▶ _Task objective_
Exactly the lines from the one containing "6, LITTLE FEN, TIBSHELF, ALFRETON, DE55" through the end of the data, and nothing more, should be retyped; pictures stay out.
───── Extracted entries ─────
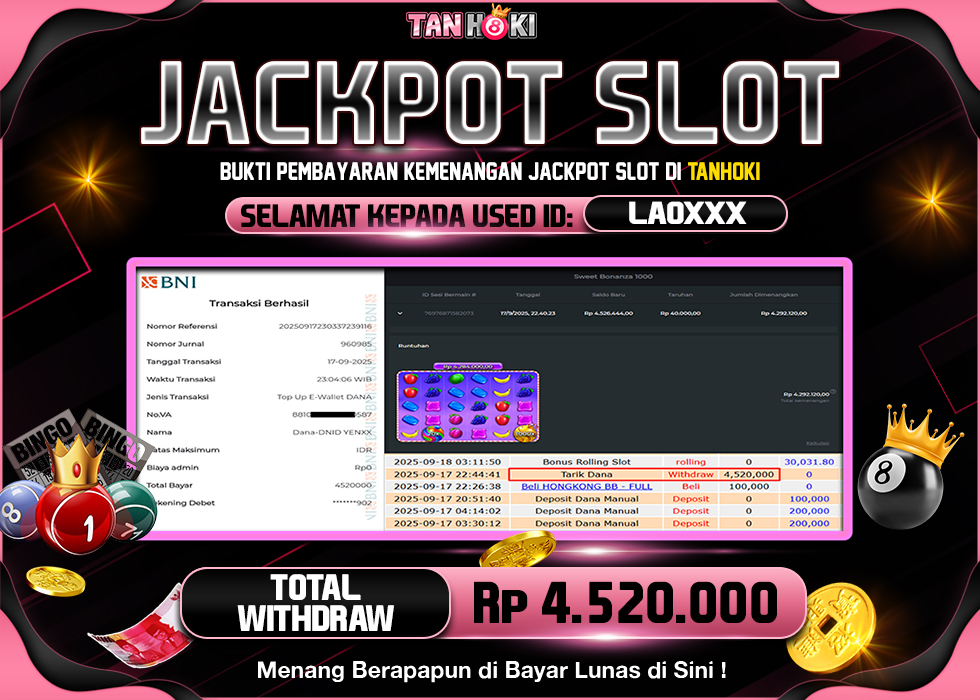 TANHOKI JACKPOT SLOT SWEET BONANZA 1000 Rp.4.520.000,- LUNAS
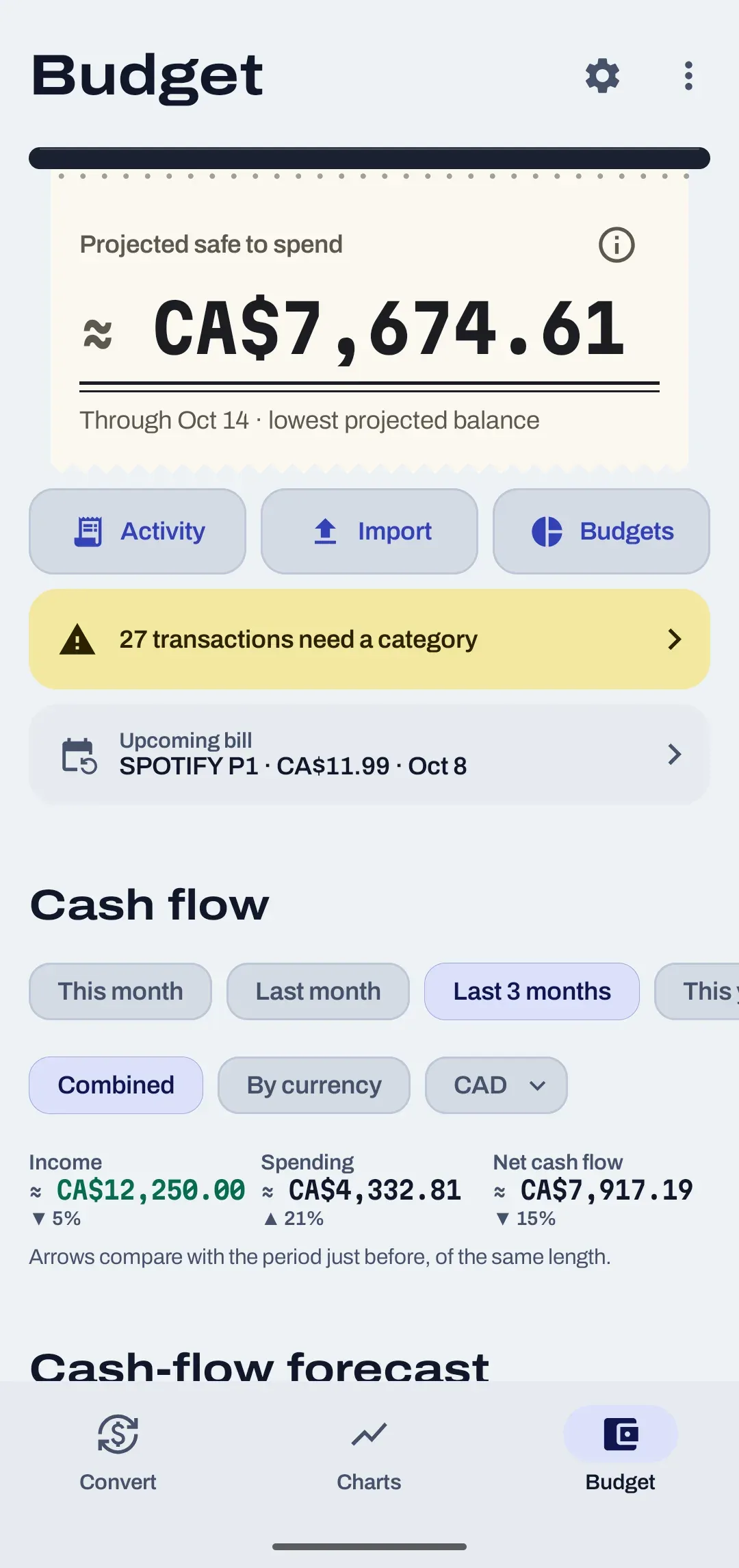 The Budget screen of the Android app: a paper receipt shows a projected safe-to-spend amount, with shortcuts to Activity, Import and Budgets below.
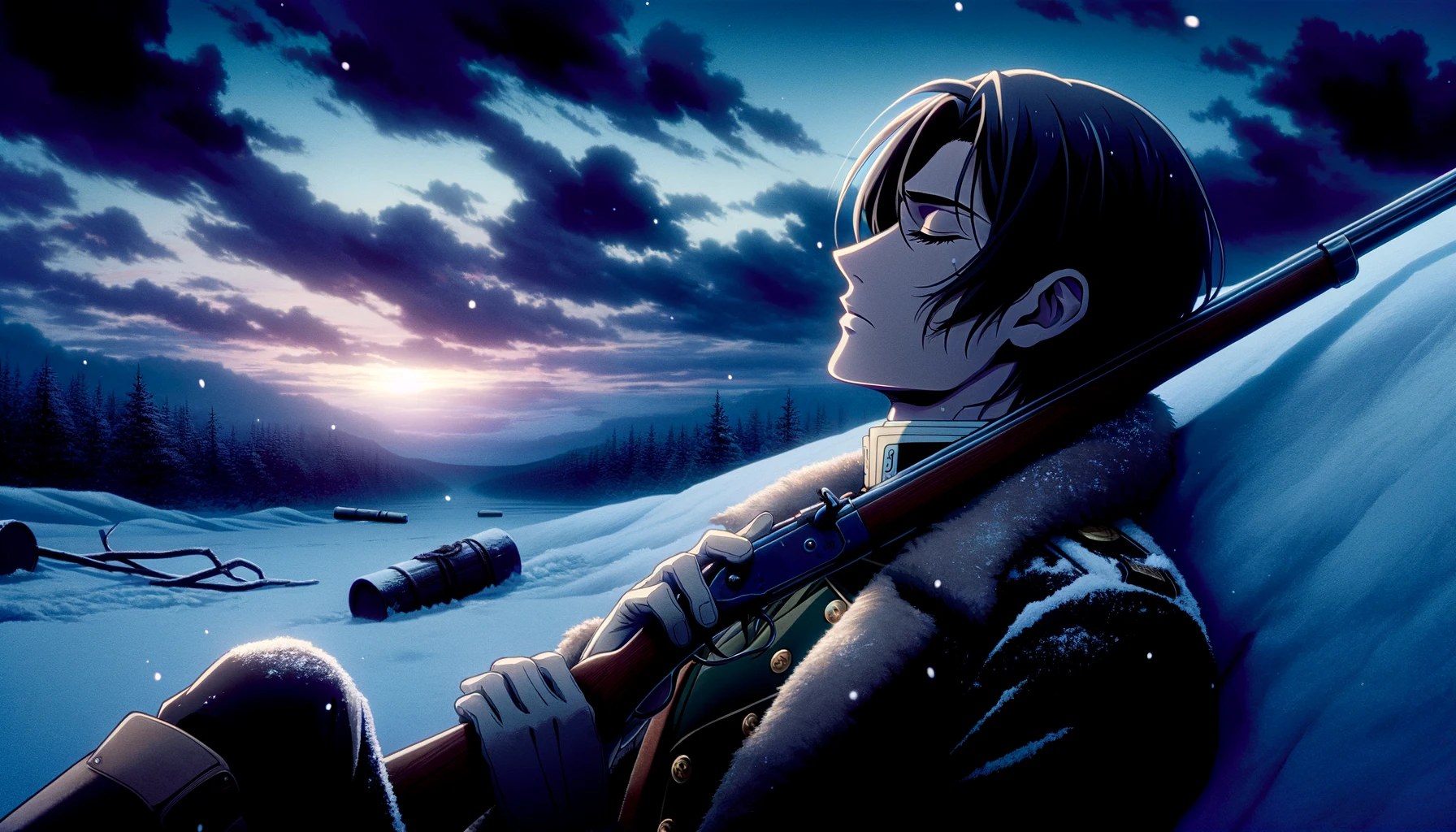 A dramatic anime-style image of a male character inspired by Hyakunosuke Ogata from 'Golden Kamuy', depicting his final moments. The scene is set in a snowy, desolate landscape at twilight, with the character lying on the ground, clutching a rifle. His expression is serene yet poignant, capturing a sense of finality and resolution. The sky is a mix of dark blues and purples, enhancing the somber mood of the scene.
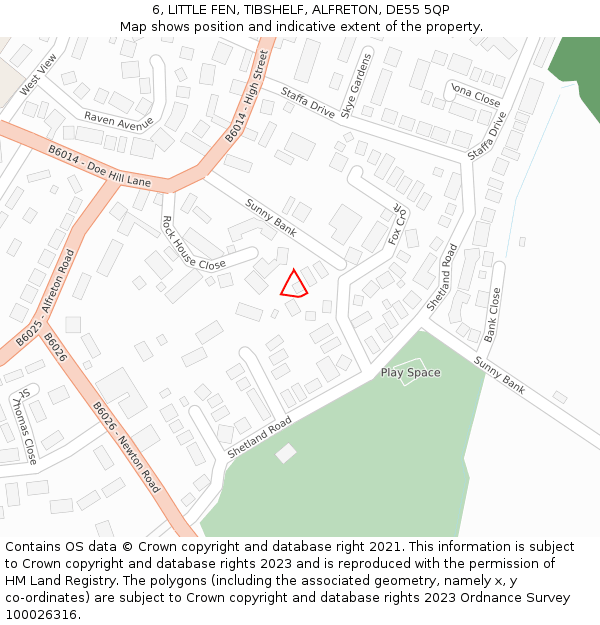 6, LITTLE FEN, TIBSHELF, ALFRETON, DE55 5QP: Location map and indicative extent of plot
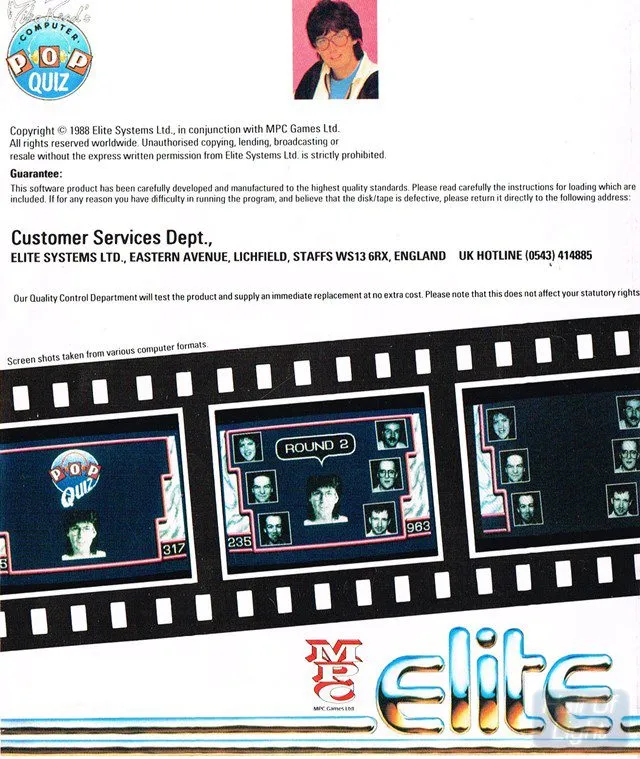 Mike Read's Computer Pop Quiz box back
─────
▶ _Completed exercise_
 6, LITTLE FEN, TIBSHELF, ALFRETON, DE55 5QP: Location map and indicative extent of plot
 Mike Read's Computer Pop Quiz box back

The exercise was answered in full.